Entonces, deberíamos presuponer que el sujeto de poder que nos impone esta ley (moral y jurídica) debe tenerla en sí para ser impuesta. Como vemos a diario, el poder siempre usa la violencia y arrebata los recursos a otras naciones o incluso a sus propios ciudadanos usando la violencia, enmascarándola siempre bajo una excusa de necesidad pacificadora o de protección” (nuevo objetivo del poder pastoral según Foucault) a través de las armas. Por tanto, hay una diferencia entre el ser y el no ser del sujeto (lo que hace y no hace) con respecto al deber ser que plasma en la masa (lo que dice que hay que hacer). Esta diferencia es la que sustenta su poder, pues, “volviendo al ejemplo, nadie utilizará la violencia para arrebatarle su propiedad a los que mandan, es decir, nadie les quitará el poder”.

 

Si estuviéramos subordinados al sujeto del poder siempre de manera invariable, no se habrían producido cambios a lo largo de la historia, por lo que la obra podría tener un mensaje de resignación ante la realización de una rebelión contra el poder, pues si hasta nuestras estructuras mentales dependen de él, nos encontramos tremendamente determinados. Sin embargo, como ya hemos comentado, esa imagen nos hace ver como el poder manipula, se asemejaría a que de cierta manera cautiva.
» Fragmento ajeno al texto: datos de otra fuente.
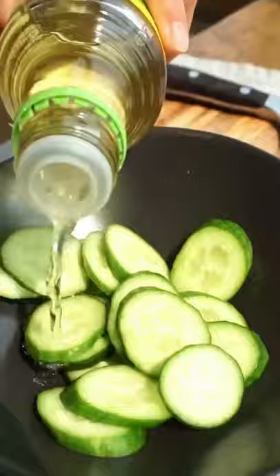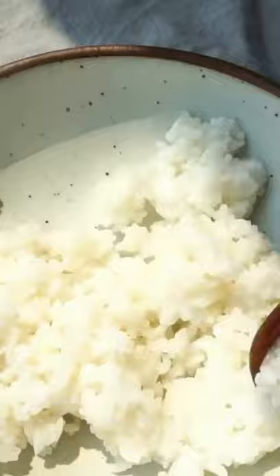I always start with the base layer of soy sauce, sesame oil, ginger, and scallions and build from there. It always makes me feel just a little fancy.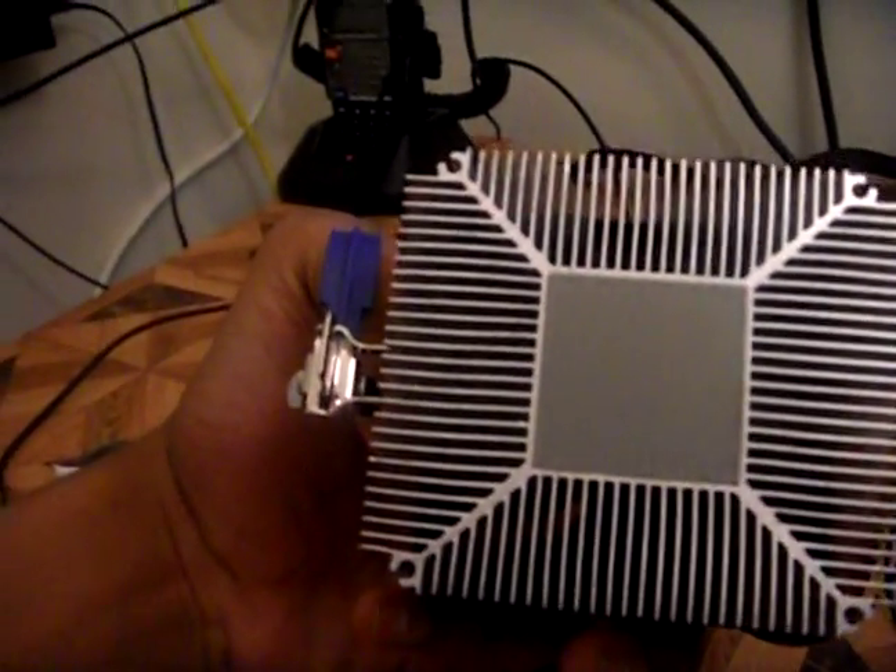I think it came with thermal paste on it — there's just a regular silver slug on it. I guess that's a little bit better. It says it has thermal paste included, which is cool — I didn't know it said that on the box. I was looking for a tube because usually thermal paste comes in a tube, but it didn't. That's really cool — I didn't have to order thermal paste separately.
Por tanto surge la necesidad de crear un nuevo yo, un nuevo sujeto y la necesidad de movimiento, de cambio, en definitiva, de empujar la figura, de querer un orden nuevo.
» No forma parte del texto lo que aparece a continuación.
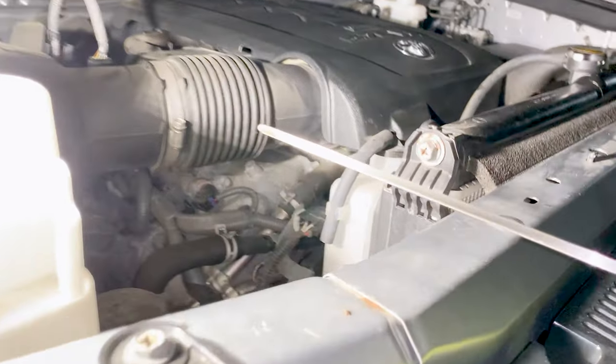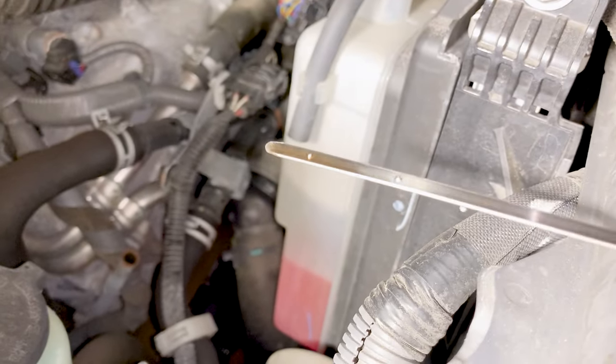Turn the truck off. Check the oil. Nice. Cool.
Es muy probable que lo que que Foucault nos dice finalmente es que el sujeto de poder y el sujeto masa o sujeto corriente que hemos comentado anteriormente, no son más que un efecto espejo entre el uno y el otro. Cuando el sujeto masa consigue llegar a ser sujeto de poder, no vuelve a preocuparse de conseguir un mundo mejor. Es decir, el sujeto masa quiere un mundo mejor, pero a la vez quiere una mejor prosperidad individual. Cuando consigue esta segunda, se olvida del objetivo primero y contribuye a la fijeza y a la continuación de la inestabilidad y la posición del poder.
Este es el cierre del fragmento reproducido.